Task brief. Exactly as they appear below, repeat the lines from the one with "Roman Josi Men's Cotton T-Shirt | 500 LEVEL" through the one with "NIGHT RAMPAGE（ナイトランページ）", and no others.

Source information.

>>>

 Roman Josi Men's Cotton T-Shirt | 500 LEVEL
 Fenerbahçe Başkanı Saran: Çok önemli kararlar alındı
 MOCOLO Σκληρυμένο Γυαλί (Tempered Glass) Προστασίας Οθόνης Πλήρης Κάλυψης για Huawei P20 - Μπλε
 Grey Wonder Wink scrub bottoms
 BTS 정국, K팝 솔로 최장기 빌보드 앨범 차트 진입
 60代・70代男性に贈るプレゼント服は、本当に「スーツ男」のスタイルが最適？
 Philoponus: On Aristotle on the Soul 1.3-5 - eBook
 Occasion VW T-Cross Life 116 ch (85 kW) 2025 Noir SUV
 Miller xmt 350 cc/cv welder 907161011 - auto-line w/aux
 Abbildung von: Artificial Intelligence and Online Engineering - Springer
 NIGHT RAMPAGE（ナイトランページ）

<<<
>>>

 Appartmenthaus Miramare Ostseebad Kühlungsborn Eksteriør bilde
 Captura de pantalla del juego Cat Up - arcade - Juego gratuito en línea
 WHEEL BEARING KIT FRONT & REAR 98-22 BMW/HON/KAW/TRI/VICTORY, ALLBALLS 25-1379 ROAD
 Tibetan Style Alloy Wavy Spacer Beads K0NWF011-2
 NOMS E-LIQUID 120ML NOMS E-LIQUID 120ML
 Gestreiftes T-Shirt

<<<
>>>

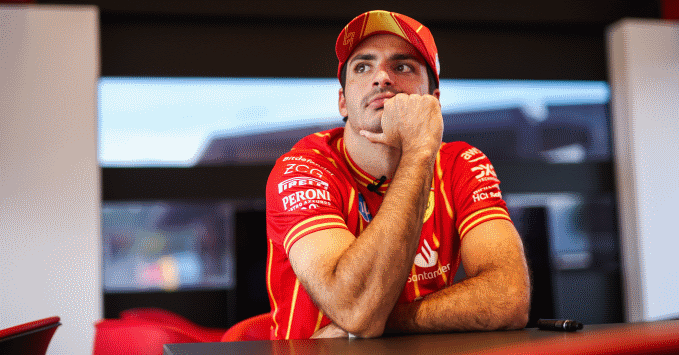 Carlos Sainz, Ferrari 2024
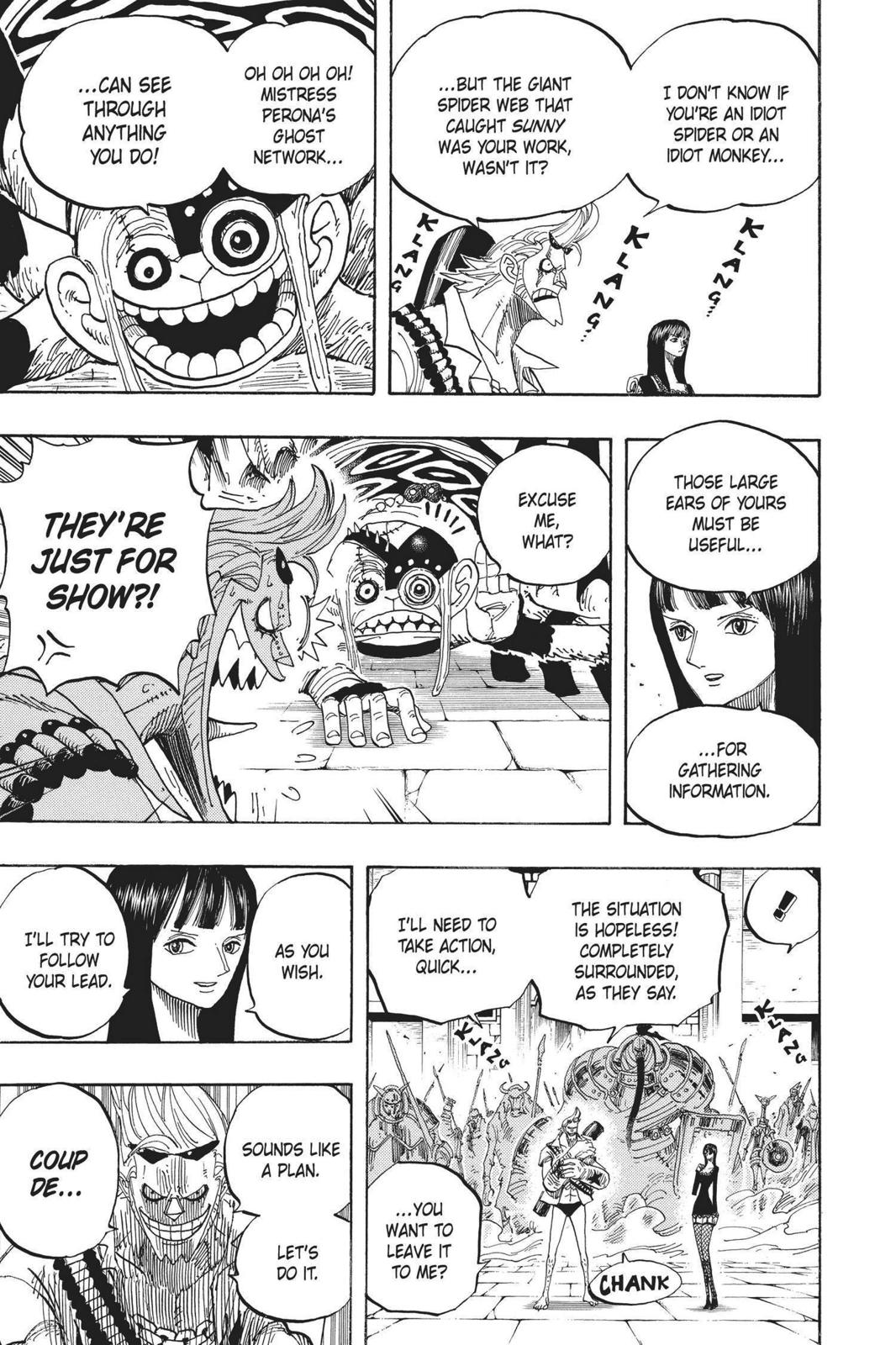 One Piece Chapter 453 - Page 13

<<<

Exercise result.
 Roman Josi Men's Cotton T-Shirt | 500 LEVEL
 Fenerbahçe Başkanı Saran: Çok önemli kararlar alındı
 MOCOLO Σκληρυμένο Γυαλί (Tempered Glass) Προστασίας Οθόνης Πλήρης Κάλυψης για Huawei P20 - Μπλε
 Grey Wonder Wink scrub bottoms
 BTS 정국, K팝 솔로 최장기 빌보드 앨범 차트 진입
 60代・70代男性に贈るプレゼント服は、本当に「スーツ男」のスタイルが最適？
 Philoponus: On Aristotle on the Soul 1.3-5 - eBook
 Occasion VW T-Cross Life 116 ch (85 kW) 2025 Noir SUV
 Miller xmt 350 cc/cv welder 907161011 - auto-line w/aux
 Abbildung von: Artificial Intelligence and Online Engineering - Springer
 NIGHT RAMPAGE（ナイトランページ）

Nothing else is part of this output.